Immunofluorescence was performed as described[3]. Briefly, immunofluorescence staining of brain tissues around the circle of Willis was performed on fixed frozen sections to analyze the morphometry of the middle cerebral artery (MCA). A total of 94 rats were anaesthetized 3 days after SAH using pentobarbital (50 mg/kg) and perfused transcardially with 4% paraformaldehyde (PFA). The cerebrum was removed and post-fixed in 4% PFA overnight at 4°C. The tissues were dehydrated with 20% sucrose overnight at 4°C, followed by 30% sucrose overnight at 4°C and embedded in optimal cutting temperature compound. The tissue was sectioned (10 µm thickness) using a cryostat (Leica, Wetzlar, Germany) on glass coverslips for immunostaining. Microwave ovens were used for antigen retrieval in a citrate solution for 20 min. Endogenous peroxidase activity was blocked using 3% hydrogen peroxide for 15 min and rinsed in PBS. Transverse sections were incubated in a blocking solution (5% donkey serum, Solarbio Science and Technology Co., Ltd., Beijing, China) for 1 h at room temperature (RT). Sections were incubated with primary antibodies overnight at 4°C and secondary antibodies (1:200, Proteintech, Wuhan, China) for 1 h at RT. Cell nuclei were stained with 4′,6-diamidino-2-phenylindole (DAPI; Sigma-Aldrich, St. Louis, MO, USA). Fluorescence images were captured using a fluorescence microscope system (Leica). The diameter and wall thickness of the MCA were measured as described previously. Briefly, three sequential sections (the midpoint of the proximal, middle and distal) were taken for each vessel, measured, and averaged. The MCA diameter and wall thickness were measured using ImageJ software per the manufacturer’s instructions.

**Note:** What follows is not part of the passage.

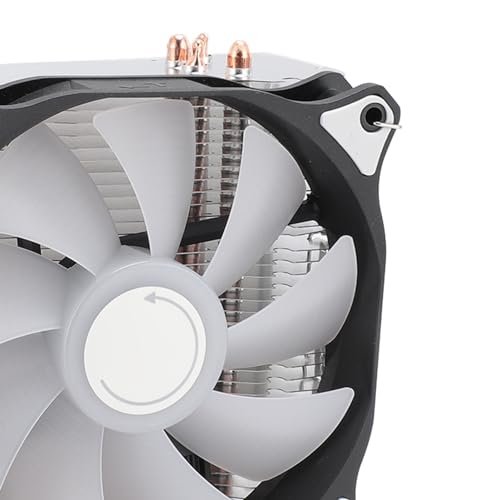 Chłodnica Procesora, Wentylatory ARGB do Chłodzenia Procesora Komputera z Radiatorem Procesora, 4 Miedziane i Aluminiowe Rurki Cieplne, Wentylatory DC12V PWM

Briefly, the inner perimeter of the vessels was measured by tracing the entire luminal surface of the intima, and the diameter (d) of the vessels was calculated per the equivalent perimeter circle (d = measured inner perimeter/π). The vessel wall thickness was measured as the distance from the luminal surface of the intima to the outer border of the media at three points for each artery, and the three measurements were averaged for one score[3].

Statistical Analysis

GraphPad Prism 7.0 software was used for statistical analyses. A Chi-square test was used to compare mortality rates between groups. Behavior scores were found not normally distributed by a Shapiro–Wilk test. Therefore, the scores were compared using a Kruskal–Wallis test with Dunn’s multiple comparison for post hoc, and the data were presented as a median with interquartile range. Other measurements were normally distributed through the Shapiro–Wilk test and were analyzed using either one-way or two-way analysis of variance (ANOVA) and presented as the mean with standard deviation. Further comparisons of the measurements between groups were performed using Dunnett’s test. Statistical significance was set at p<0.05.

Results

Cerebral VSMCs Transformed from a Contractile Phenotype to a Synthetic Phenotype After SAH

Western blotting followed by ANOVA plus post hoc testing revealed that α-SMA expression was decreased and Smemb expression was increased in VSMCs, suggesting that VSMCs changed from contractile to synthetic after SAH (Fig 1A). The phenotypic transformation of VSMCs were obvious 3 days after SAH. Moreover, PPARγ and FLAP expression also reached relatively high levels (Fig 1A). Therefore, we chose the third day as the time point for observation and intervention in the subsequent experiments. Immunofluorescence (Fig 1B and C) revealed that PPARγ and FLAP were upgraded in VSMCs after SAH.
Figure 1.

VSMC phenotypic transformation from 1 to 7 days after SAH. (A) Representative immunoblots and representative quantitative analyses of PPARγ, α-SMA, Smemb and FLAP (*P<0.05 versus Sham group). (B) Representative image and IF of PPARγ (green), α-SMA (red), and DAPI (blue) in cerebral vascular tissues (scale bar, 20 µm). (C) Representative image and immunofluorescence of FLAP (green), α-SMA (red), and DAPI (blue) in cerebral vascular tissues (scale bar, 20 µm; n=12, with 6 used for Western blotting and 6 used for IF).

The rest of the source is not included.